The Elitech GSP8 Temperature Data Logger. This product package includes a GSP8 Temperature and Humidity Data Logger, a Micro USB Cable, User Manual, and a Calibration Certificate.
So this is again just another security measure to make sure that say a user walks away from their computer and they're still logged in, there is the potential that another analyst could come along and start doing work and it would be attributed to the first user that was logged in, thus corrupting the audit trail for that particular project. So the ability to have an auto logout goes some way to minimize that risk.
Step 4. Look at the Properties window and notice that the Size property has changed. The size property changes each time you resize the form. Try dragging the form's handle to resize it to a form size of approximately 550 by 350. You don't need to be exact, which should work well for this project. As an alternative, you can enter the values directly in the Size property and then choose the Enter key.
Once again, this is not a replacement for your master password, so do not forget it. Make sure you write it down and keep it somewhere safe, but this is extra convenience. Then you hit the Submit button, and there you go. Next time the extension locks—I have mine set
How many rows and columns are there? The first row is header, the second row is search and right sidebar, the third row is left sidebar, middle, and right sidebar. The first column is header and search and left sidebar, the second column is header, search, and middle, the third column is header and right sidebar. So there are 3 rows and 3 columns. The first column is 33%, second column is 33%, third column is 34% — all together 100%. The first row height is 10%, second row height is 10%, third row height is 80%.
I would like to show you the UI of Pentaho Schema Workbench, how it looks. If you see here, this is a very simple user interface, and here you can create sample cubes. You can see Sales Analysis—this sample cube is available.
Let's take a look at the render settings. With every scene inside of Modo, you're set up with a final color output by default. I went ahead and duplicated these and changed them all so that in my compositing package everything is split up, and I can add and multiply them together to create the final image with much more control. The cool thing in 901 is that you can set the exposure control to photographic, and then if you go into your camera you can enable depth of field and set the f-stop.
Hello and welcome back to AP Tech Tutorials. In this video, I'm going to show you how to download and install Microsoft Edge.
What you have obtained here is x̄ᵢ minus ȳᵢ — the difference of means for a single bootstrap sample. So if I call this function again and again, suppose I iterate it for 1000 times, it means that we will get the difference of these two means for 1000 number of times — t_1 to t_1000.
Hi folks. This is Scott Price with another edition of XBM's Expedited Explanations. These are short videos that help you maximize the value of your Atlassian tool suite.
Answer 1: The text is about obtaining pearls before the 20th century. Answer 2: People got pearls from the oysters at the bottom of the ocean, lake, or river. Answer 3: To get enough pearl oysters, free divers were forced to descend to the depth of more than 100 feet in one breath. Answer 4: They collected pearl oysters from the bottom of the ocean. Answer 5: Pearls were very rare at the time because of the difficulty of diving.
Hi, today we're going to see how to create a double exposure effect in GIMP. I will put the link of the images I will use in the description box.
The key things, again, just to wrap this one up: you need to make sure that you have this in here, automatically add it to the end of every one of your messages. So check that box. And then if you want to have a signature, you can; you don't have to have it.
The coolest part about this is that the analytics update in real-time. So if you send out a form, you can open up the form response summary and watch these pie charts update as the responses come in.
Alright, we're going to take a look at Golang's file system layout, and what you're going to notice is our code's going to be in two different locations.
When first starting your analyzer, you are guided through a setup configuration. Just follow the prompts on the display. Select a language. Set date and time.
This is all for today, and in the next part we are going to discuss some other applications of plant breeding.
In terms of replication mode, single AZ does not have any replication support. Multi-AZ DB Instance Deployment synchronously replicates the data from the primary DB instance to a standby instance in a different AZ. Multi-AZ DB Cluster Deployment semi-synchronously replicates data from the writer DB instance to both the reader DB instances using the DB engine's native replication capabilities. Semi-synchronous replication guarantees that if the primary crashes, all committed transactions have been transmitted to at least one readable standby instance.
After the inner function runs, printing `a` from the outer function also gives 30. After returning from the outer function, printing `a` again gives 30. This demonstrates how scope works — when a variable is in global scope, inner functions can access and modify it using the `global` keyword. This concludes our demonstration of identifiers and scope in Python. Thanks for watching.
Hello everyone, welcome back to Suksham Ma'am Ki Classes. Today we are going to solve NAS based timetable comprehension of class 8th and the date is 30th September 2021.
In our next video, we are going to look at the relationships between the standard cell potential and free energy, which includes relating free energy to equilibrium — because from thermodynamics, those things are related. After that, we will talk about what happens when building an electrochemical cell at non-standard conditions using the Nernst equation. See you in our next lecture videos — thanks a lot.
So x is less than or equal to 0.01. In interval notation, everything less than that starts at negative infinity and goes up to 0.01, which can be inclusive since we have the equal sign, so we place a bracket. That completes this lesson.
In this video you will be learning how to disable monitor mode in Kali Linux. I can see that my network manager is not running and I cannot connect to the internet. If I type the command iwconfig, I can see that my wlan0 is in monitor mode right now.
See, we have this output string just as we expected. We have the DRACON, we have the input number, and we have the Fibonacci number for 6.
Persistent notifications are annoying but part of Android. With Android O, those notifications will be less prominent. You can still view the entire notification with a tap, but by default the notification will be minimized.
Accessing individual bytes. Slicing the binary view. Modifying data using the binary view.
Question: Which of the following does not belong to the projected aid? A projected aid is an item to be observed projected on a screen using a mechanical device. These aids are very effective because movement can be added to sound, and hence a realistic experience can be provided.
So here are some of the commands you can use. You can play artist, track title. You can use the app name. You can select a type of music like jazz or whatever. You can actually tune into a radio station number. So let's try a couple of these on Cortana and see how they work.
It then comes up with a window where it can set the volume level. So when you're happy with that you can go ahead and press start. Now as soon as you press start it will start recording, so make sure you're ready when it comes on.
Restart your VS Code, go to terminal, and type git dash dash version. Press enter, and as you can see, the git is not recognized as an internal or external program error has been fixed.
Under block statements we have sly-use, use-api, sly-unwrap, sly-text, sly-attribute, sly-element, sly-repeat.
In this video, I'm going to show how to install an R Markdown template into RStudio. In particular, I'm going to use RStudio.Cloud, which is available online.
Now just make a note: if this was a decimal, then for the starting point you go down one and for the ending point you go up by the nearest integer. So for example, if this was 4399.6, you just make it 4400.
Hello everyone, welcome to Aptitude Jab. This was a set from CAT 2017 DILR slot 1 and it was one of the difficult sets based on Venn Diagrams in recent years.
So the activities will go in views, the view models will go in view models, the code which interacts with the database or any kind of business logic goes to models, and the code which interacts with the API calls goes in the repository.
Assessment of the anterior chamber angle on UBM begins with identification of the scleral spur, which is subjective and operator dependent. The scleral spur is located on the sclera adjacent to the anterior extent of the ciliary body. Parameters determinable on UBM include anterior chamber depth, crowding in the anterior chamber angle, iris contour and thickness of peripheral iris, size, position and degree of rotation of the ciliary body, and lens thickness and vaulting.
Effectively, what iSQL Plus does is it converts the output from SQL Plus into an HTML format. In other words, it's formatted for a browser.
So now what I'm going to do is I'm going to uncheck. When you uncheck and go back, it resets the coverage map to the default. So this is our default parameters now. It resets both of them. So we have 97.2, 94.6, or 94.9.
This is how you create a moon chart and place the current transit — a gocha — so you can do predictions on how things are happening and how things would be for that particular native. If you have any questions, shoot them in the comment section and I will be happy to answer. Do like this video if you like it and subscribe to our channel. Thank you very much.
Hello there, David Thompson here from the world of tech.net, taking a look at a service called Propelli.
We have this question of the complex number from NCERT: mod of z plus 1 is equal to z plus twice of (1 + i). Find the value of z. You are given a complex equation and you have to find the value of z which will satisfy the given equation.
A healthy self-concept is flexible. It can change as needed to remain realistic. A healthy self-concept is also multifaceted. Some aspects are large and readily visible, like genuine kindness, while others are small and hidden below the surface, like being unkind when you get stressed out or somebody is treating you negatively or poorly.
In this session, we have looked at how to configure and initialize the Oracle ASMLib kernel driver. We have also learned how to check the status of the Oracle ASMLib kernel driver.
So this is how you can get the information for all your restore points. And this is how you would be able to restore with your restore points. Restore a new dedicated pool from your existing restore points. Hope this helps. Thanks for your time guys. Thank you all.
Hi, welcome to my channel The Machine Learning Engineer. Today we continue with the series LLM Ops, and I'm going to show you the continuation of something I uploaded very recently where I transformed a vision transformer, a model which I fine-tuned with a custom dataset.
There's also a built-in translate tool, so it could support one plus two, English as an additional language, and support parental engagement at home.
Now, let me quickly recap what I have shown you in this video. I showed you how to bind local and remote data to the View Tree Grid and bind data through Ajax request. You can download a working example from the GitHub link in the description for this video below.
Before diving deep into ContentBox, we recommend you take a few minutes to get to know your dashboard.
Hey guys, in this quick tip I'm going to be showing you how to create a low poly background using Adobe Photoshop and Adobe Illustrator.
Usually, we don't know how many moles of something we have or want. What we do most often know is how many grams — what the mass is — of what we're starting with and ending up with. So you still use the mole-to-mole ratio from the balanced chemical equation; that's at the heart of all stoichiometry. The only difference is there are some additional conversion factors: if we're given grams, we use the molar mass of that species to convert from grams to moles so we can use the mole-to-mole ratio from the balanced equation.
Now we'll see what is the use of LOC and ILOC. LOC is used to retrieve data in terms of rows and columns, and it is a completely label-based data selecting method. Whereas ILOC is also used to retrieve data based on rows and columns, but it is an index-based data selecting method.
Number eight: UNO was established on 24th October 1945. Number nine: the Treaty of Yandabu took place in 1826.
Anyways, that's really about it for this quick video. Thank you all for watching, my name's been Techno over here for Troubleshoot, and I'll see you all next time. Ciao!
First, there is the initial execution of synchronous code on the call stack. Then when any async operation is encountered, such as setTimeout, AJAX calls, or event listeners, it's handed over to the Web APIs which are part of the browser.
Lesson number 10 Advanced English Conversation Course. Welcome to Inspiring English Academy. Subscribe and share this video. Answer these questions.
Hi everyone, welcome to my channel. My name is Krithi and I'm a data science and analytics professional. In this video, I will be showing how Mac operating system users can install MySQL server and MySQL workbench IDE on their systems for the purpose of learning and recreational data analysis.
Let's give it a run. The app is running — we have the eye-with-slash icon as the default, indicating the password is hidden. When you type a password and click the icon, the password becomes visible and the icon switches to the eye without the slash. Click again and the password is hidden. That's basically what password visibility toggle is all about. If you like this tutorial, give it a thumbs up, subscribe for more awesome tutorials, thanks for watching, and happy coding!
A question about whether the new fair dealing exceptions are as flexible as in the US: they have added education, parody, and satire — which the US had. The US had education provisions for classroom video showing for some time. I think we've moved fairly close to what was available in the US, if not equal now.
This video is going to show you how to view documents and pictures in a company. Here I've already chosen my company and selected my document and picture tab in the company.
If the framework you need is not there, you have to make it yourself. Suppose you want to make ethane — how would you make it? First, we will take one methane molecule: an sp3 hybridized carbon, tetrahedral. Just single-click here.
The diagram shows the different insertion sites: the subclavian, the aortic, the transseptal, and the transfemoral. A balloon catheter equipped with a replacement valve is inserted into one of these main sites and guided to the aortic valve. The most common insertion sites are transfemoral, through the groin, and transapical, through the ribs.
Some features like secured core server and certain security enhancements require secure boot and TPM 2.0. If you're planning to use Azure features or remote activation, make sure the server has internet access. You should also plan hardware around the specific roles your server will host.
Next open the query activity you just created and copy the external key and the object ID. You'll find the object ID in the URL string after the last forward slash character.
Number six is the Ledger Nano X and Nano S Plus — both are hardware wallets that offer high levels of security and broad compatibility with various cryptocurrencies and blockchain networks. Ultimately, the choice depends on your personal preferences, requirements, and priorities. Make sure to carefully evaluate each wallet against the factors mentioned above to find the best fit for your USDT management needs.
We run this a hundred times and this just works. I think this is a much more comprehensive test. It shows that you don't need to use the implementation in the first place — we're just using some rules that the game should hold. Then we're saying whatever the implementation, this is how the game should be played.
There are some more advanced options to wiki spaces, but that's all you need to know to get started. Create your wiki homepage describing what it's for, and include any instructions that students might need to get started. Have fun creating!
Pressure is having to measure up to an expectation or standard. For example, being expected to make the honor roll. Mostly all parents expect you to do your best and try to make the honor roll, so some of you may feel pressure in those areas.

* Your goal *
Take exactly the lines from the one containing "After the inner" through the one containing "Hello everyone, welcome back" in the data above, and output them with nothing added.

* Output *
After the inner function runs, printing `a` from the outer function also gives 30. After returning from the outer function, printing `a` again gives 30. This demonstrates how scope works — when a variable is in global scope, inner functions can access and modify it using the `global` keyword. This concludes our demonstration of identifiers and scope in Python. Thanks for watching.
Hello everyone, welcome back to Suksham Ma'am Ki Classes. Today we are going to solve NAS based timetable comprehension of class 8th and the date is 30th September 2021.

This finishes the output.